So there is a point at which it is arrogant to say that our way is the right way. The problem with defining sustainable development in this way is that once the momentum gets built and the technological, technocratic machinery is put in place, it’s like being on the Titanic. It’s very hard to say, “Okay, whoa. We’ve done it. You’re on your own.”
Let’s talk about the biggest implications for business in thinking about sustainability this way. What is going to drive businesses to pay attention?
Once again, I take a pretty different view from most of my colleagues. First of all, I talk about identifying and addressing the drivers of unsustainability. And, to make a long story short, I see unsustainability as an unintended consequence of modern cultures.
Some background. In addition to my work at MIT before I retired, I’ve been the executive director of the International Society for Industrial Ecology since about 2001 when the society was started, and for the last five years I’ve been putting together my book, Sustainability by Design (Yale University Press, 2008).
As technology has increased and become more ubiquitous, it’s being used to provide satisfaction in ever more places. And that has created problems both with nature and with how we view ourselves as human beings. In the book I talk about three critical problems that have arisen. The first is that we’ve lost consciousness of what it is to be human. We’re “need” machines. In the words of Erich Fromm, we’ve moved from a being mode of life to a having mode of life.
The second is we’ve forgotten our place within nature. We still have Enlightenment ideas that humans are separate from nature, which is here to be mastered for our purposes. So it’s not surprising that, slowly, but surely, we have indeed dominated nature—to the point now where it’s threatened as our life support system.

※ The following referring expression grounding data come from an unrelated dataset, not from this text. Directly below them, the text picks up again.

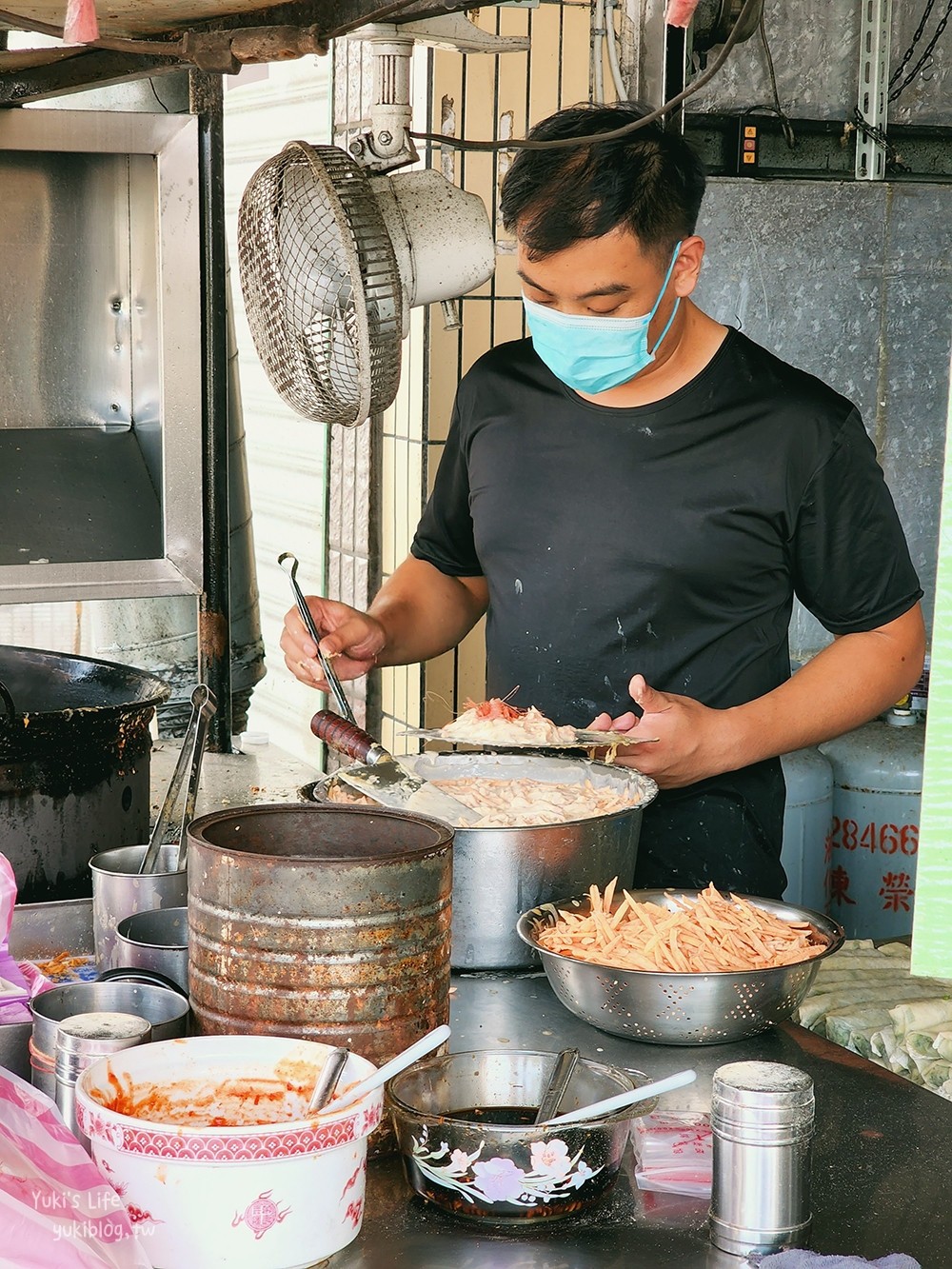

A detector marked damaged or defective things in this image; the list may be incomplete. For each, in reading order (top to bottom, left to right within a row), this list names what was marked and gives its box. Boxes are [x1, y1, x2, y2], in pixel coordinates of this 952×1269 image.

rusty metal cylinder [188, 806, 457, 1065]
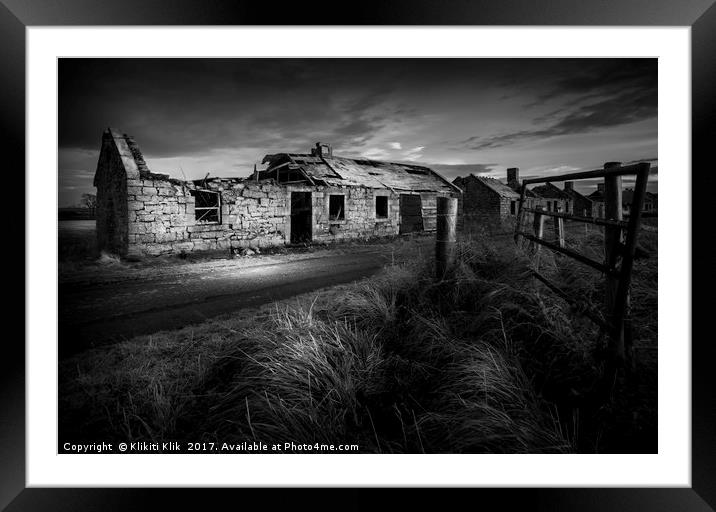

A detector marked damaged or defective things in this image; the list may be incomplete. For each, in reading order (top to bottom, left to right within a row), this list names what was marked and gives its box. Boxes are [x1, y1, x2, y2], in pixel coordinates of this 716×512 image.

broken window frame [192, 190, 222, 224]
broken window frame [328, 194, 346, 220]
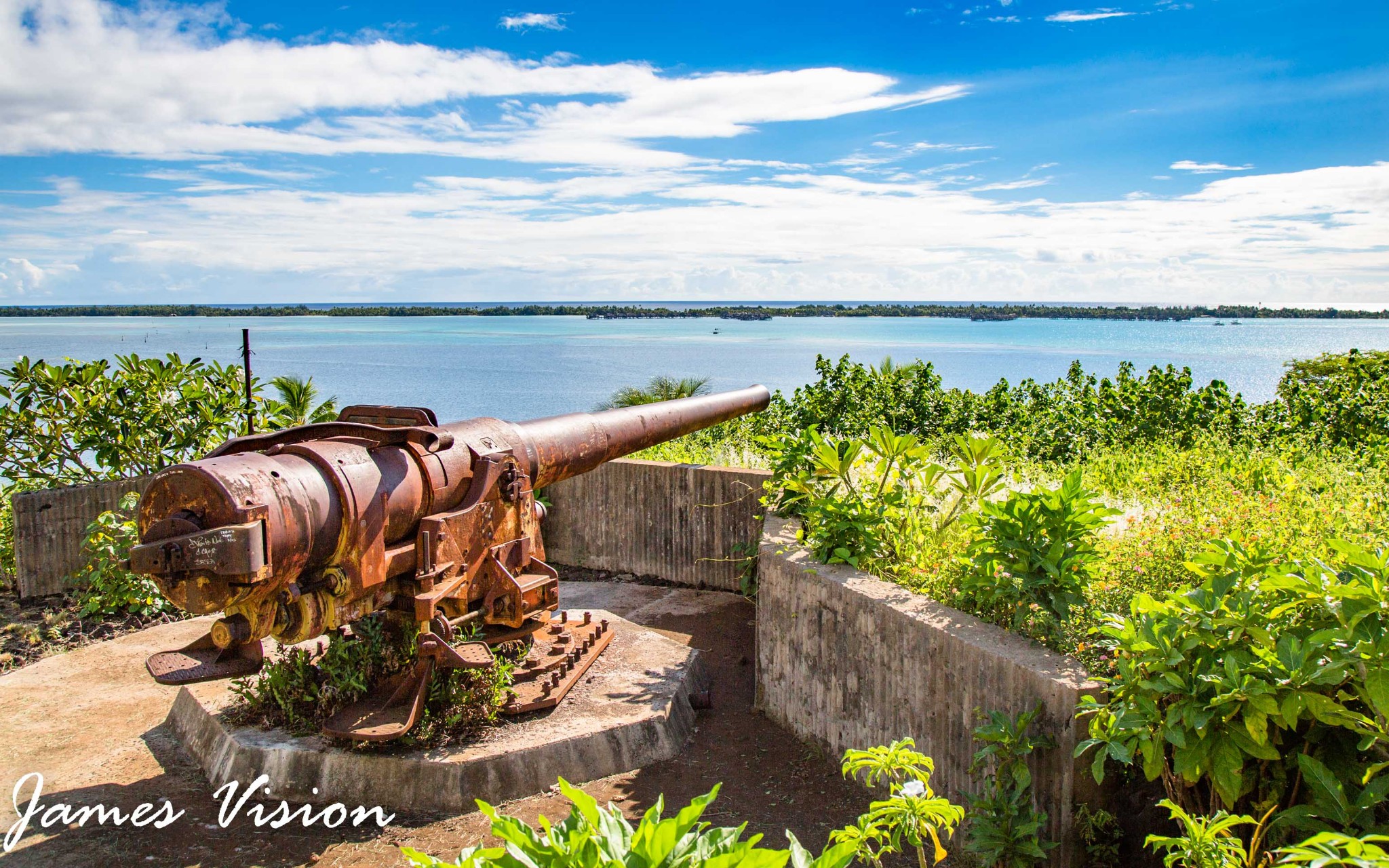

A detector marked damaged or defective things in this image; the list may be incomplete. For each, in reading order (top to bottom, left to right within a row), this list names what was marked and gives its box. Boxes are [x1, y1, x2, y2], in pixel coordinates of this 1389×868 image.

rusty cannon [129, 386, 772, 738]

And the third critical problem, particularly interesting one to me is that modern technology makes acting responsibly problematic, because technology tends to hide the actor from the act in time and space. It changes our perceptions of the world we’re in. If I take my glasses off, I see the world not so clearly. When I put them on, they’ve changed the world I see.
Are you saying it will be very individual, human sets of needs that challenge the ways that business thinks about operating?

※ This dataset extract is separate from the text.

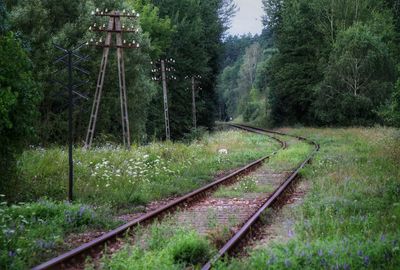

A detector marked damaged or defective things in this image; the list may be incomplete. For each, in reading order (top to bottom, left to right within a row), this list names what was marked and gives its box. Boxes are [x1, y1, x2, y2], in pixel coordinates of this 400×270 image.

rusty rail [32, 125, 286, 268]
rusty rail [202, 123, 320, 268]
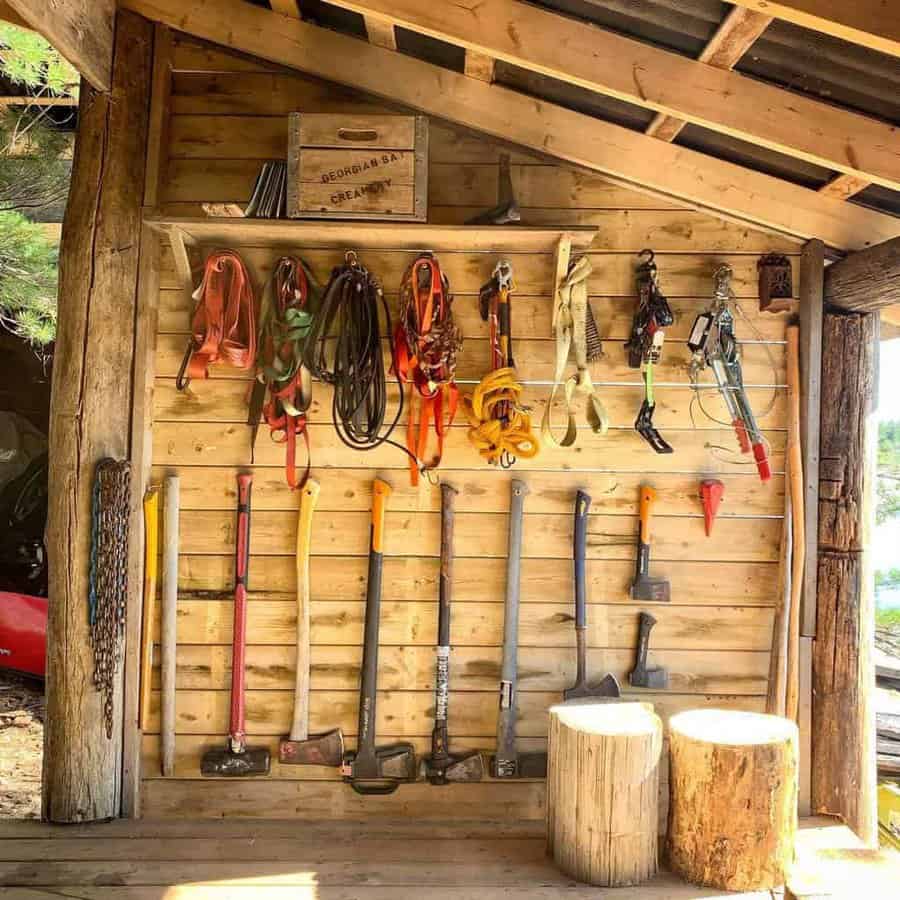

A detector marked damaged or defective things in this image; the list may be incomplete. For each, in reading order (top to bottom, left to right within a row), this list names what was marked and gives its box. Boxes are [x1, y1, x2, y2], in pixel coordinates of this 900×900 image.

rusty chain hanging [88, 458, 131, 740]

Interestingly, I think within companies, the same kind of technology that has created these unintended consequences and pushed us into the having mode can be used like in as a jujitsu match. You take the force and throw it back. Redesign the technology we use everyday. That’s why the title of the book is Sustainability by Design.
You can design artifacts we use every day to carry different messages than they do now. The messages we get now are often along the lines of, “Buy me in the store put me on at home and then you’re going to be beautiful.” But those kinds of messages can be shifted to tell stories about taking care, like speed bumps that say, “Whoa, slow down, there might be a child crossing this. Take responsibility.” Or the simple little program that pops up every 20 minutes on my computer screen telling me to take a timeout. It says, “Stop, take 20 seconds.” I could turn it off and avoid the interruption, but, it’s a good reminder to hear, “John, you’ve got to take care of yourself.” Sitting for four hours straight, which is what I would probably do otherwise, is not good for one’s health.

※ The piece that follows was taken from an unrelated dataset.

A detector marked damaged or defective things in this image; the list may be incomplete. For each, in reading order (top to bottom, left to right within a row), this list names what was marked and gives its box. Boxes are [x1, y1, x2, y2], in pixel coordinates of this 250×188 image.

You can call these technologies, “behavior-steering artifacts.” One of the oldest examples can be found when you go to a European style hotel and they give you your room key. It’s not an encoded plastic card, but rather an old-fashioned key with maybe a half-pound weight attached to it. That key is talking to you. As you go down the steps to go out, that key is saying, “Leave me at the desk.”
Another example is the toilet. In much of the rest of the world, new toilets all have two buttons, a big one and a small one. You can’t flush it without being reminded that it’s your job to take care of the earth, to be responsible.
If companies turn the same innovative power to make the tools talk to us in these voices, rather than in “you don’t need it, but buy more anyway” voices, we would create a virtuous circle: people would ask for more, and companies would innovate more, and so on and on.
The process starts in the innovation of design practices. You find much more of this in Europe than you see in the U.S. now—they’re already teaching it in the industrial design departments of their universities, whereas which we have very few such departments in the U.S. I learned all about this during a year in Delft, where I spent a year in the industrial design faculty.
You’re talking about threats and opportunities—the opportunities for businesses to cultivate a market, and the threats to businesses of missing the boat.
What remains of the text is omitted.